For the Internal Procedures of the Project, see the Appendix to these General Notes.

INTRODUCTION

When you use this programme and reach the database screen, you see the form filling access instructions. When you have submitted your query, and the output is on the screen you see a table of seven columns, each horizontal line in the table is the index to an entry. The column NOTES provides access to parish notes; the column PARISH states from which parish the entry arises; the column FULL provides access to the complete entry; and the next four columns give information from the register: date of entry, baptised’s (or deceased’s) surname, forename, and residence (often empty for earlier records). For marriage entries the names and residences of both parties appear (and you need to scroll right).

If you access a full record, then the data is presented in two columns. The left column gives the field name from the database, the right column the data in that field. Note that the first two fields contain database information which is not found in the register entry, and the third field gives the name of the parish (in code). It is important to note that these 4 character parish codes are separate from the four character residence codes used elsewhere. If there is no data in a field, then the field does not appear, except that the last field (named additional information) for each record appears whether or not it contains data. The fields vary according to whether you are searching Baptisms, Marriages or Burials.
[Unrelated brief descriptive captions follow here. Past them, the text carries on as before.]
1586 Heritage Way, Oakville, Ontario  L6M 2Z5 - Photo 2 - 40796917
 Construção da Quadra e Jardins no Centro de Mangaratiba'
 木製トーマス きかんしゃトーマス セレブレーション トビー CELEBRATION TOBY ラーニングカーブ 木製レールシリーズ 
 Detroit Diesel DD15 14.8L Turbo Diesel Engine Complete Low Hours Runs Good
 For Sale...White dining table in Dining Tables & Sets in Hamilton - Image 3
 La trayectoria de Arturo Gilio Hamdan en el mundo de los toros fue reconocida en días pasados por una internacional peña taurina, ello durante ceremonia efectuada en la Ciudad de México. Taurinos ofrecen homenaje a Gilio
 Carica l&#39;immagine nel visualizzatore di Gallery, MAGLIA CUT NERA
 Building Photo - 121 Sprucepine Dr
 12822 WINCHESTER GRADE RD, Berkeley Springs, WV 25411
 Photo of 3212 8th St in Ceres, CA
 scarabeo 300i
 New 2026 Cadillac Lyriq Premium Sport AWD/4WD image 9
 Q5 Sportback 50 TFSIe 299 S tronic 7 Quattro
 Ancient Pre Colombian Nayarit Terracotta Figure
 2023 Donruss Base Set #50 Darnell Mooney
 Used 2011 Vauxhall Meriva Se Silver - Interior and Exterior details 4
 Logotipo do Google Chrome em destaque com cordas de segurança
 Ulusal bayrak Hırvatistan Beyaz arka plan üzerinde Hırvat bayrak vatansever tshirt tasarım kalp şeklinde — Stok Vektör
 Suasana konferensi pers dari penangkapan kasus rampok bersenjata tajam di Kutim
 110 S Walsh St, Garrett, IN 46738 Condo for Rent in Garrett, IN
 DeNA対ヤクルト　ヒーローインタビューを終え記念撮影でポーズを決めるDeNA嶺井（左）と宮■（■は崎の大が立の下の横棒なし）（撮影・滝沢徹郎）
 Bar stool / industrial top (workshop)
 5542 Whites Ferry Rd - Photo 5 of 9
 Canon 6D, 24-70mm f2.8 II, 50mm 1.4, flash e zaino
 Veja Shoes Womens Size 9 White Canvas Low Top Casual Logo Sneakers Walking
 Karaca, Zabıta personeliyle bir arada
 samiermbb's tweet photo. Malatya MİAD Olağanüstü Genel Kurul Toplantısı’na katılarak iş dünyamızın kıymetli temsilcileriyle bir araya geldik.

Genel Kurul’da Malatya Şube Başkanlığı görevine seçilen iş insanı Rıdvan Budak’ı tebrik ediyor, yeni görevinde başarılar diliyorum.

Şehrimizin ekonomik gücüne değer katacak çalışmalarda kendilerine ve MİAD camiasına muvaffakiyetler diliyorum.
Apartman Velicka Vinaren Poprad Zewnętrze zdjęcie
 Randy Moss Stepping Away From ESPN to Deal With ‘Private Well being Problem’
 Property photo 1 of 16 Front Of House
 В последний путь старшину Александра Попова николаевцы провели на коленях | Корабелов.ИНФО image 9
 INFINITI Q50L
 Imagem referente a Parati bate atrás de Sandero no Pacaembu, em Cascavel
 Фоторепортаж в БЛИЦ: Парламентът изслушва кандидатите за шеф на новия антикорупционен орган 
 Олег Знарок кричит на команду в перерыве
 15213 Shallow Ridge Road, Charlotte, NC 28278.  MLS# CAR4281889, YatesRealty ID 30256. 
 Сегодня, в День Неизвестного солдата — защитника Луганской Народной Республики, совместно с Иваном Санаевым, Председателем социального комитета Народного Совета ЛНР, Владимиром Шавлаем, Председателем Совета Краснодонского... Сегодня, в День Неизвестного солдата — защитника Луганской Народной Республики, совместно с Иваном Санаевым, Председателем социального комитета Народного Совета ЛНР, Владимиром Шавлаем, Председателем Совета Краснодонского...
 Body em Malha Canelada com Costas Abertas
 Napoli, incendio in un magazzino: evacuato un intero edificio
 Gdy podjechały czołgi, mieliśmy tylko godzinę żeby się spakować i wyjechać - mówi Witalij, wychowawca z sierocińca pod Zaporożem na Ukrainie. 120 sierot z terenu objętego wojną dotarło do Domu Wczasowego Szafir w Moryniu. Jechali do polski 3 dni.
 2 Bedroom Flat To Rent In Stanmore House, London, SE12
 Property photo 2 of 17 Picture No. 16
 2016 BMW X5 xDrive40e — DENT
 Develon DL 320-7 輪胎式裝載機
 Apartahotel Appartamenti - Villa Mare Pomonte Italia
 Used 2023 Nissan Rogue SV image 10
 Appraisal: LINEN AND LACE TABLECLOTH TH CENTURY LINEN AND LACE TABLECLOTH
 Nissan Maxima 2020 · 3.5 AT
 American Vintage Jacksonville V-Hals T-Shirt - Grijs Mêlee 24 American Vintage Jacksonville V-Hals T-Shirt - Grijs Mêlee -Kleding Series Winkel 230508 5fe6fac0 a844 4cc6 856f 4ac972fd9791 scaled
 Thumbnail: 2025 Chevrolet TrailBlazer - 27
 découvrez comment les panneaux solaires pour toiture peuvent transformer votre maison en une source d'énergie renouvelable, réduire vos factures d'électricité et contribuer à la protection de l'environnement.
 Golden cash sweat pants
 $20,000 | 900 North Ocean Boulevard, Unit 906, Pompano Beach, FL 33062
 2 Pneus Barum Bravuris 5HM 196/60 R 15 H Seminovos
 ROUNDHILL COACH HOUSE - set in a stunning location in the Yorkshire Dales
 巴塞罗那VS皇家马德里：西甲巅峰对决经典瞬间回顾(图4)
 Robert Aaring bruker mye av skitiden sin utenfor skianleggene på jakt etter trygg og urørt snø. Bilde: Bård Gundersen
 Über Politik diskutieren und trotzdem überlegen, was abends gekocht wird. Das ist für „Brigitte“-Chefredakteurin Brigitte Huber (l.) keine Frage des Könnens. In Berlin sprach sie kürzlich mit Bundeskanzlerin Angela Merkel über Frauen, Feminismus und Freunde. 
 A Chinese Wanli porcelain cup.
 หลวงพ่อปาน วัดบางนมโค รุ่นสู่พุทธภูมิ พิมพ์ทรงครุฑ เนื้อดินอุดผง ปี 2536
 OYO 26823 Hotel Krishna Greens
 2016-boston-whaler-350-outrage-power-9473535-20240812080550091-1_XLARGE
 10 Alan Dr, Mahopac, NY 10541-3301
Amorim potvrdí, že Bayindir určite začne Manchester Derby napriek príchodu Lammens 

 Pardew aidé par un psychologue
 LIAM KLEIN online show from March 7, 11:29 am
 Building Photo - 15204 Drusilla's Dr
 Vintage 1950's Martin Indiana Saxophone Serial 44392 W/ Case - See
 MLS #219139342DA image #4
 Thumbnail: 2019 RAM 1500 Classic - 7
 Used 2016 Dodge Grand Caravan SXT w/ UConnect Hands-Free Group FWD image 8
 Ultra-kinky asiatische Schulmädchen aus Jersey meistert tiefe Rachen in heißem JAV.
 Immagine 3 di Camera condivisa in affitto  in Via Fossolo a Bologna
Here are a summary of the key fields.

Baptisms: Date / baptised’s forename(s) / sex / father’s forename(s) / mother’s forename(s) / surname / occupation or rank / residence / illegitimate (term) / father’s forename(s) / occupation / residence / birth date / age / multiples (twins|others) / private baptism / additional information [AI]

Burials: Date / forename(s) / surname / sex / status / occupation/rank / residence / relationship to next of kin / illegitimate (term) / first kin’s forename(s) / second kin’s forenames(s) / surname / occupation or rank / residence / date of death / age / cause (of death) / additional information [AI]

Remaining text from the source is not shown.